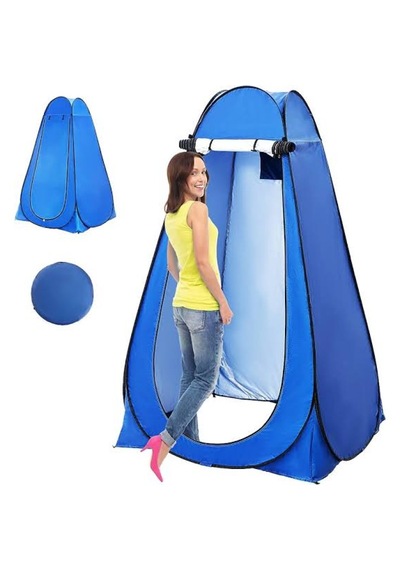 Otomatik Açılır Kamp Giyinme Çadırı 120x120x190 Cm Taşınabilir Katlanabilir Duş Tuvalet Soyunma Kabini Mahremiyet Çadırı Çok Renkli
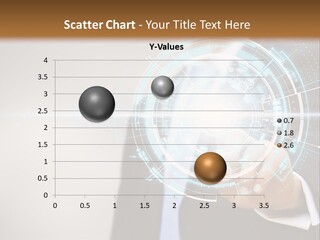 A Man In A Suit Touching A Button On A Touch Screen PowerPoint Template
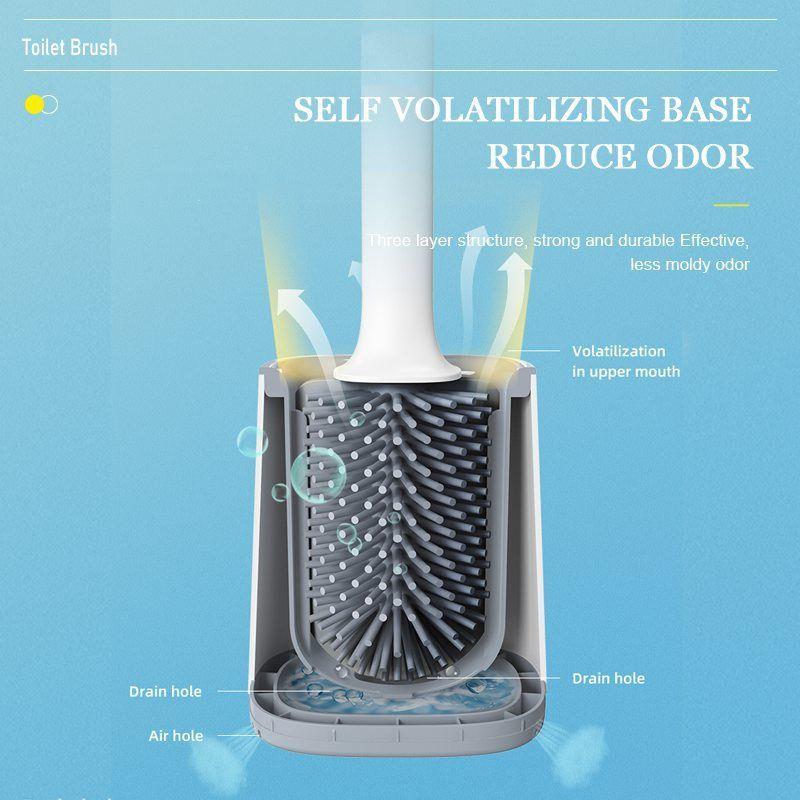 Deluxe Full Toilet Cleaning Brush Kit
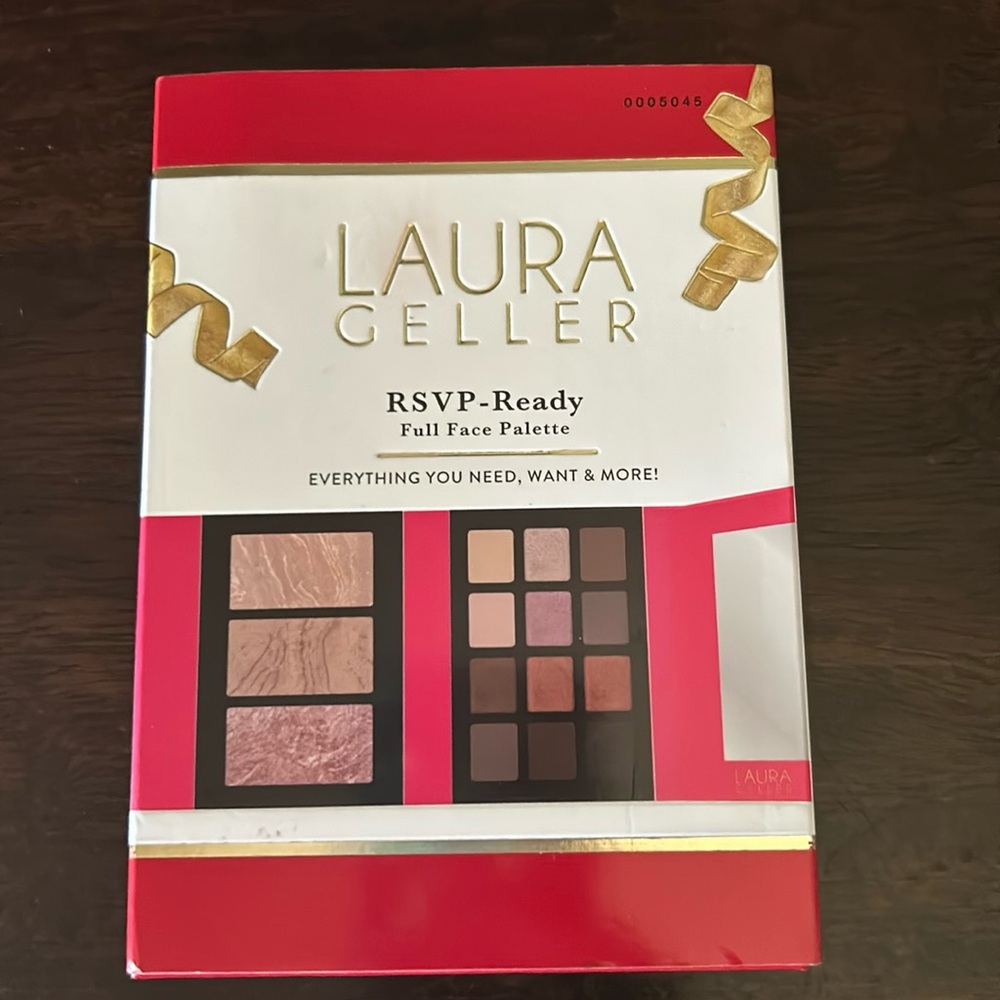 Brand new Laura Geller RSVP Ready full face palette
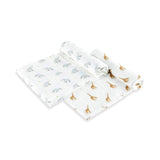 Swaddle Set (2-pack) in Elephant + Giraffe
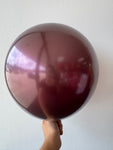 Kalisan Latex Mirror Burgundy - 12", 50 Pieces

YOUR INSTRUCTIONS:
Write out, exactly as they appear, the lines from the one containing "Swaddle Set (2-pack) in Elephant + Giraffe" through the end of the material above, excluding pictures.

WRITTEN ANSWER:
 Swaddle Set (2-pack) in Elephant + Giraffe
 Kalisan Latex Mirror Burgundy - 12", 50 Pieces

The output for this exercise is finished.